INPUT.
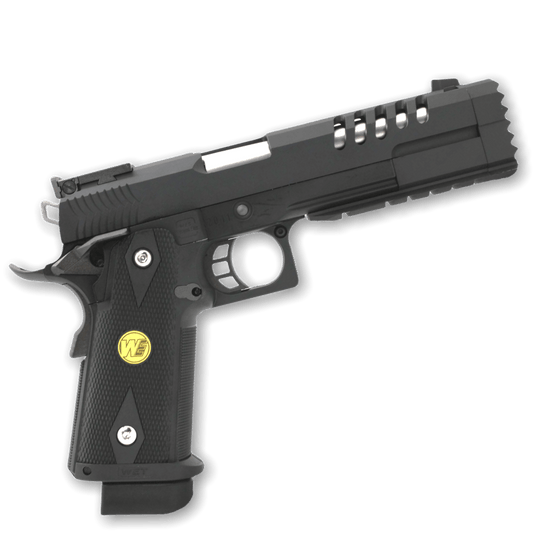WE-Tech Hi-Capa 5.2 „Hyper Strike“ Gas Blowback Gel Blaster Pistole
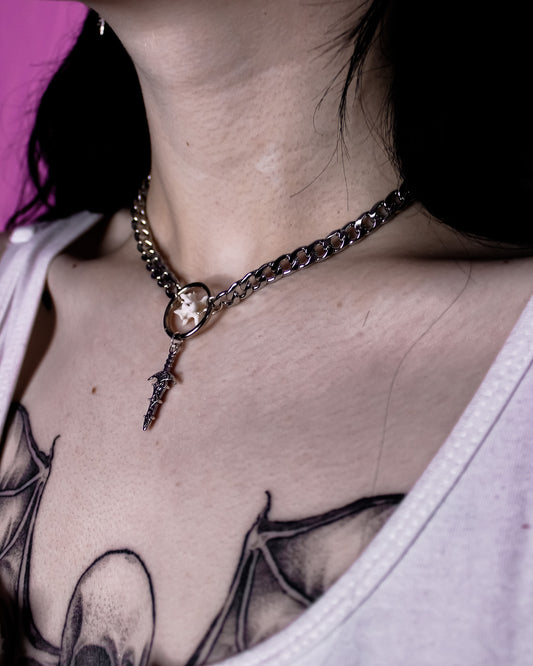 "𝕮𝖆𝖗𝖔𝖑𝖎𝖓𝖊" Necklace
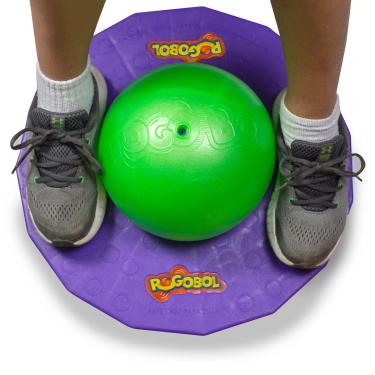 Imagem de Pogobol Roxo/Verde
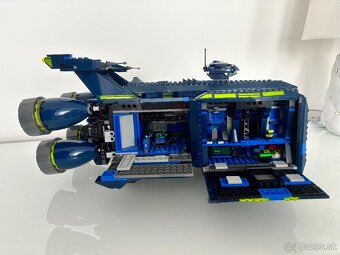 Vesmírna loď LEGO REZERVOVANÁ - 5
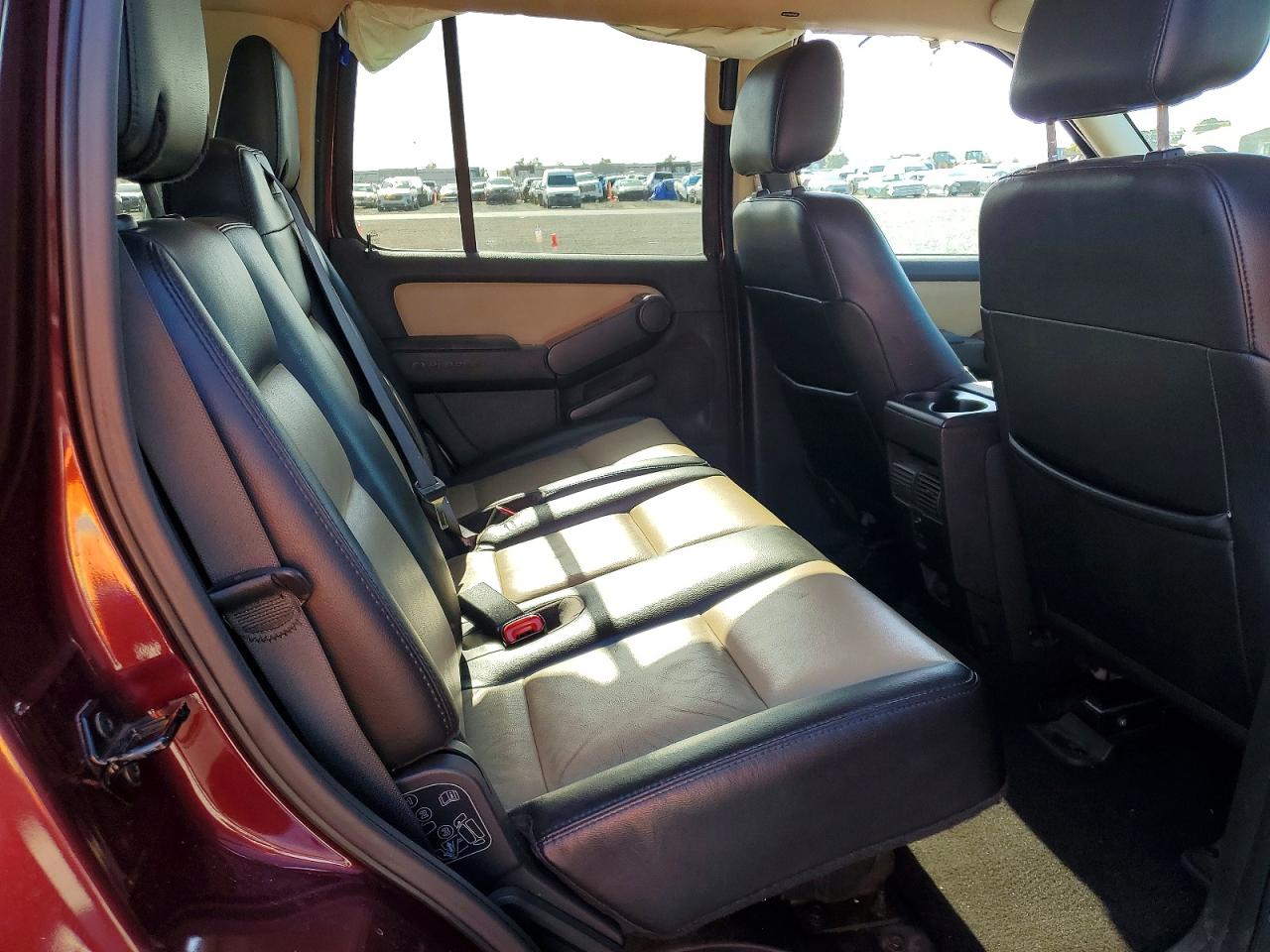 2008 FORD EXPLORER EDDIE BAUER photo 31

WHAT YOU SHOULD DO. Transcribe all of the material exactly and leave out its pictures.

RESULT.
WE-Tech Hi-Capa 5.2 „Hyper Strike“ Gas Blowback Gel Blaster Pistole
 "𝕮𝖆𝖗𝖔𝖑𝖎𝖓𝖊" Necklace
 Imagem de Pogobol Roxo/Verde
 Vesmírna loď LEGO REZERVOVANÁ - 5
 2008 FORD EXPLORER EDDIE BAUER photo 31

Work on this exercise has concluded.